Desde a campanha, em 2016, Donald Trump elegeu a China como seu malvado favorito no Exterior. Em seus comícios, eram frequentes acusações de práticas comerciais desonestas por parte das empresas chinesas. Entronado na Casa Branca, Trump começou a adotar medidas para mudar a relação com chineses. A balança comercial é deficitária para os americanos, que compram mais produtos do que vendem para os chineses. Para virar esse jogo, o governo começou a impor tarifas para a importação de produtos. O contra-ataque chinês veio imediatamente, com sobretaxa à compra de produtos americanos.
Virou um jogo de ação e reação. Trump subiu o tom em pronunciamentos e, claro, pelo Twitter, acusando empresas chinesas, controladas pelo governo, de comprar fatias de companhias americanas para ter acesso a métodos de produção e depois copiá-los na China. A Huawei passou a encarnar todo o ódio de Trump. Uma das formas de elevar a pressão foi levar as rusgas para outro campo, o da estratégia. O presidente americano passou a acusar a empresa de espionagem. A chamada comunidade de inteligência – que reúne agências como CIA, FBI e outras – acusa a Huawei de servir de fachada para o governo chinês espionar outras nações.
No caso da Huawei, duas razões corroboram para a neurose trumpiana. É uma empresa privada, cuja família fundadora detém 1,5% das ações no negócio. Mas a empresa se apresenta como sendo controlada pelos próprios empregados, em um complexo e pouco transparente cartão de visitas. Isso dá margem para os EUA suspeitarem de influência do Partido Comunista chinês.

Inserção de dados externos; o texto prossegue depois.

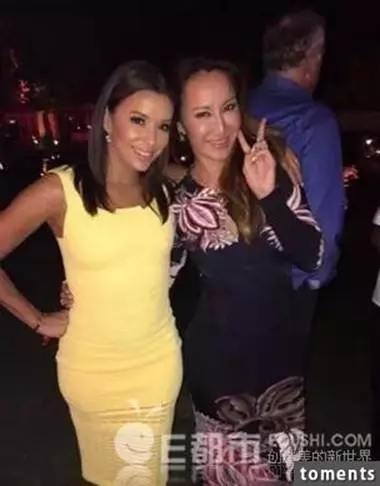 李玟兩女兒近照曝光,20億老公強悍背景玩轉好萊塢巨星,兩個女兒比媽媽還美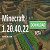 Minecraft PE 1.20.40.22 for Android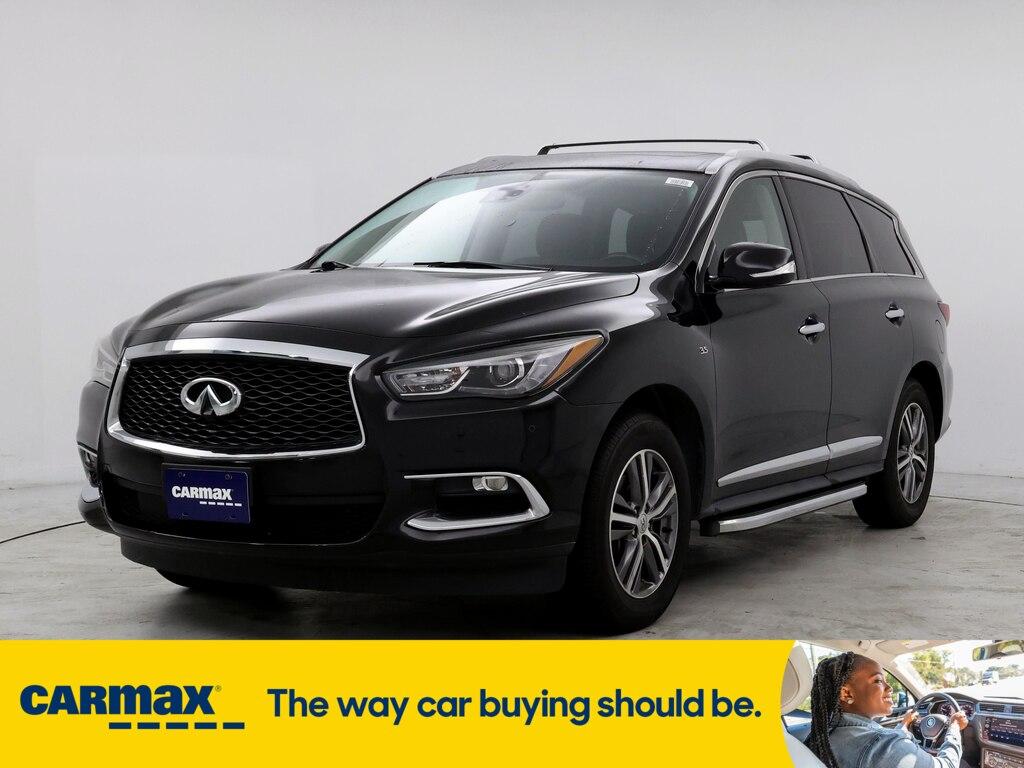 used 2019 INFINITI QX60 car, priced at $24,998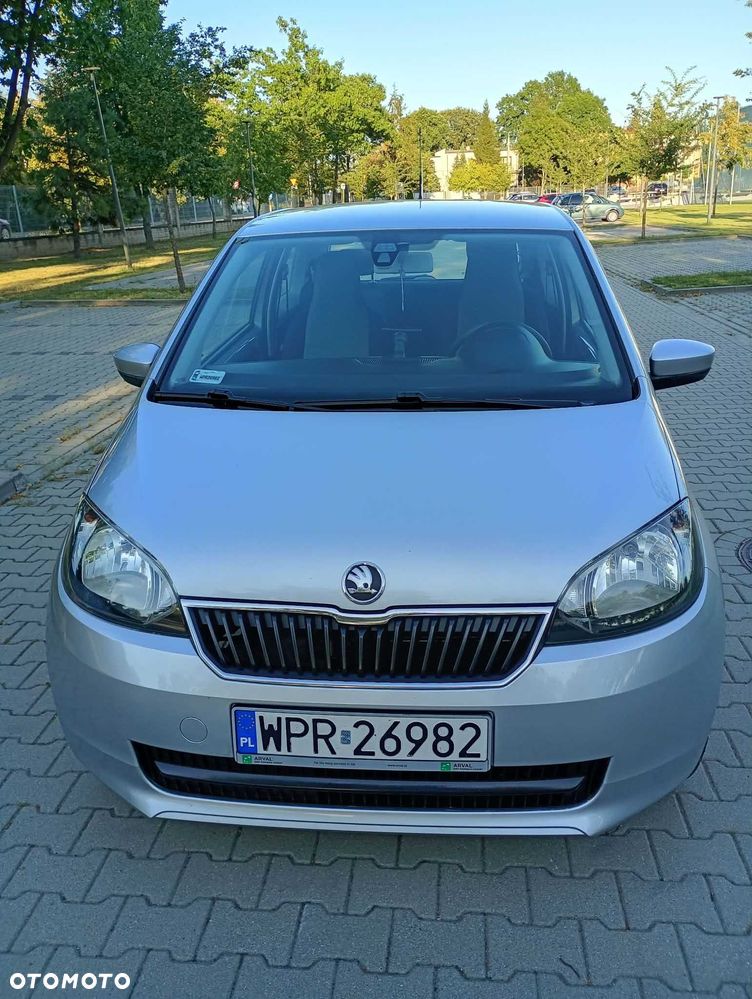 Skoda Citigo - 1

A outra razão é que a Huawei domina a tecnologia de redes sem fio de quinta geração, a 5G, considerada o próximo salto tecnológico. O veto americano é, portanto, mais do que uma mera medida protecionista. É uma decisão estratégica americana. Tanto que republicanos e democratas se odeiam, mas, a portas fechadas no Capitólio, costumam concordar sobre os riscos que a empresa chinesa representa para os interesses americanos. Os EUA não estão sozinhos nessa: Nova Zelândia e Austrália também vêm suspendendo negócios por receio de espionagem. Já Reino Unido e Alemanha decidiram montar suas redes 5G com base na tecnologia Huawei.
Aspectos da geopolítica
Falamos dos aspectos econômicos, tecnológicos e estratégicos, mas claro que a geopolítica fala mais alto. EUA (PIB de US$ 23 trilhões) e China (PIB de US$ 13 trilhões) são as maiores potências econômicas do planeta e disputam regiões de influência. Um exemplo: a América Latina, tradicionalmente uma região onde os EUA exercem hegemonia, tem sido assediada pelos chineses como grande mercado. Não apenas para negócios (a China é o maior comprador dos produtos brasileiros), mas financiando obras de infraestrutura, como parte do seu projeto Belt and Road Initiative (BRI, também chamado de Nova Rota da Seda). O vice-presidente Hamilton Mourão inclusive está na China esta semana para tratar do tema com o presidente Xi Jinping.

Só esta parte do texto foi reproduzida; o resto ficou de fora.